Pour passer de la « coopération constructive » (stade 3) à la « coopétition créative » (stade 4), le deuil portera sur la toute-puissance que les managers pensent avoir en vertu de leurs compétences techniques vécues indépendamment de celles des autres. La relation de pouvoir du sachant est un aspect auquel il est délicat de renoncer. Car dans la coopétition créative les relations s’établissent en parité. Il faudra renoncer au contrôle en adoptant des comportements participatifs, aux rôles bien définis, aux prés carrés, aux prérogatives liées aux compétences et au pouvoir. L’enjeu du stade 4 sera en effet de créer les conditions d’une fertilisation croisée entre les différents acteurs du système. Les équipes projets fonctionnent au mieux lorsque les acteurs parviennent à atteindre le stade 4. 
 
Nota bene : le passage des stades 2 à 3 puis 3 à 4 sont critiques pour les managers. Le recours à des coachings est largement préconisé.

Le schéma ci-dessous reprend les principales caractéristiques de chaque stade.

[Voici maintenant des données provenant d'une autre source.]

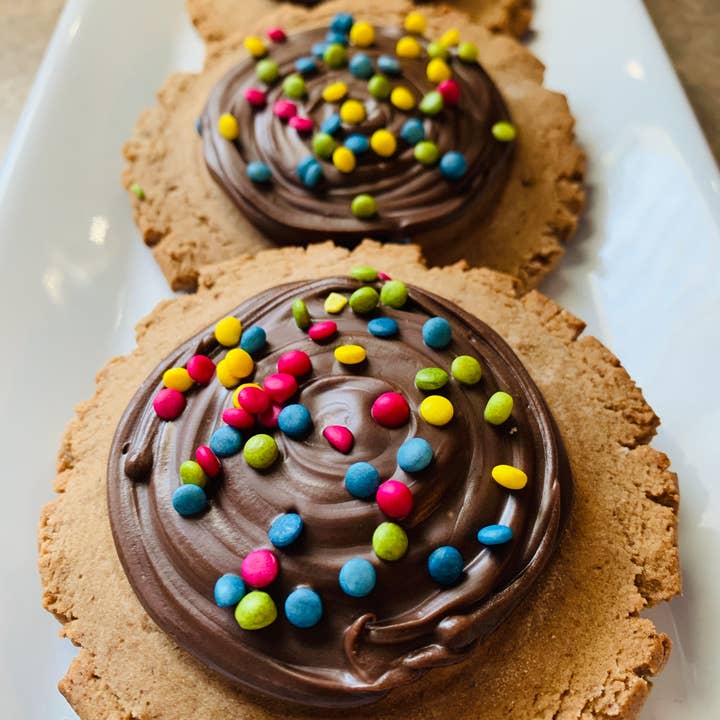 The Blue Cerebus Dog Bakery - Wholesale Pet Treats - Dog - Chunkster Carob Cookie Dog Treats1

Pour conclure cet apport que j'ai retravaillé sur la base des travaux de B. Lecerf-Thomas, la démarche d’accompagnement de la croissance des équipes débute par une évaluation de l’Homéostasie du système à accompagner. Puis il convient de travailler sur trois polarités qui portent sur l’art d’Apprendre à désapprendre les comportements dépassés relativement à la coopération afin d’en appréhender d’autres, porter un nouveau regard sur les éMotions pour les exploiter dans le sens du changement et enfin prendre en considération les Résistances (démarche que j’ai « acronymisée » HAMR) en travaillant spécifiquement sur :

- La capacité de décider des patrons, même s’il souffre de manque de visibilité ;
- Les paires de comportements inefficaces (telles que la bouc-émissarisation associée à la victimisation, la protection associée à la protection, la peterisation associée à la prématuration mis en évidence par J.A. Malarewicz dans son livre « Systémique et entreprise ») ;
- L’autonomisation psychique des acteurs pour qu’ils assument le stress de leur activité et ne succombent pas à de la délégation vers le haut de la pyramide hiérarchique.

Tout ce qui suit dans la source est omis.